Mouhamed Harfouch e Natan Rod: a intensa movimentação dos atores no palco é marcada por requebros do frevo, que enriquecem a texto

Critica publicada em O Globo, Rio Show
Por Mànya Millen – Rio de Janeiro – 02.03.2002Barra

A Menina que Perdeu o Gato enquanto Dançava Trevo na Terça-feira de Carnaval: Simplicidade vira trunfo

Muito humor com enredo mínimo

A brincadeira já começa no título, grande, do tipo que deixa o público com a pulga atrás da orelha, caraminholando sobre o conteúdo do espetáculo. A brincadeira é descobrir também que A Menina que Perdeu o Gato enquanto Dançava Trevo na Terça-feira de Carnaval, peça em cartaz no Teatro Sesi, resume-se em seu próprio título: é exatamente e somente a história de uma menina que perdeu o gato enquanto dançava frevo numa terça-feira de carnaval. Sem mais nem menos. Sendo que menos, nesse caso, é um dos trunfos da peça.

Com esse mínimo de enredo, mas esbanjando humor, cor e muita música, a Companhia Pop de Teatro Clássico consegue contagiar a plateia ao ritmo contagiante do frevo, tirando partido da simplicidade do texto (de Marcos Apolinário Santana) e procurando centrar forças no desempenho do elenco.

A história é perfeita para explorar as conhecidas figuras carnavalescas e do teatro popular: o palhaço, o homem fantasiado de alma penada, o guarda, a velha ranzinza… O espetáculo começa como um teatro de fantoches, onde o narrador, o palhaço Teme-treme (Geraldo Demezio), anuncia a história. Logo depois os atores em carne e osso começam a surgir de trás do grande tecido florido que serve como cenário para bonecos, dançando e trazendo na mão, em forma de fantoche-luva, seu próprio personagem.

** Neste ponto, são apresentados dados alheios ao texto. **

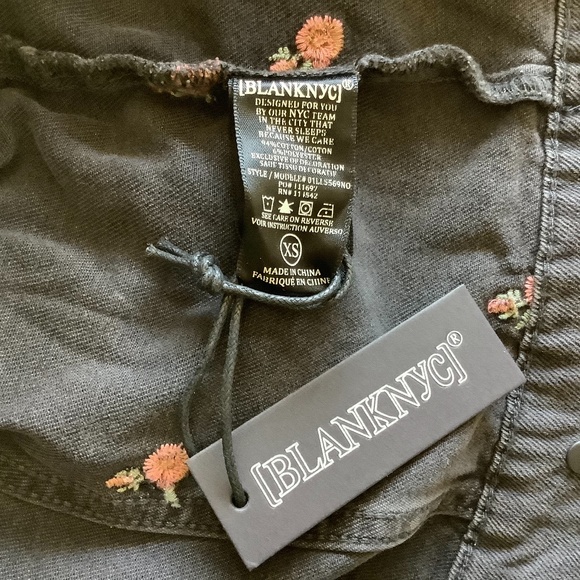 NWT BLANK NYC Late Bloomer black denim jean jacket XS - Picture 6 of 9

Ao longo do espetáculo, atores e seus fantoches – que funcionam mais como uma gracinha cênica, sem nenhum demérito – dividem a cena. A direção de Demétrio Nicolau é segura e consegue equilibrar bem os dois pontos de narrativa.

Casamento coreográfico entre texto e atores

A preparação corporal de Nara Keiserman é, talvez, o grande e feliz destaque da peça: toda a intensa movimentação dos atores no palco é marcada pelos passos de frevo. Não há uma só palavra dita que não seja acompanhada por um requebro específico, gerando um divertido casamento coreográfico entre texto e atores que enriquecem graciosamente o roteiro.

Embalado por este intenso balé, o espetáculo vai mostrando a história de Maria (Cristina Furtado), a irrequieta dona de um gato (Natan Rod) que está doida para cair no frevo em Olinda e não tem com quem deixar o bichano.

Incentivada pelo amigo Patativa (Fábio Spinardi) outro folião inveterado, ela acaba levando o gato para a rua e aí a confusão começa… Para dançar, ela deixa o bichano com o amigo. Que para dançar, repassa o bicho a um palhaço (Alesio de Castro), que o repassa a um outro folião vestido de alma penada (Thales Coutinho), que o presenteia a um guarda (Mouhamed Harfouch), que por sua vez o despacha com uma velhinha ranzinza (Karla de Martins). Tudo acaba em pancadaria e gritaria, no melhor estilo pastelão do teatro de mamulengo.

Os bons atores exploram seus personagens no limite máximo da caricatura, abusando de caretas e trejeitos. Apesar de algumas cenas desnecessariamente esticadas, o conjunto funciona harmoniosamente.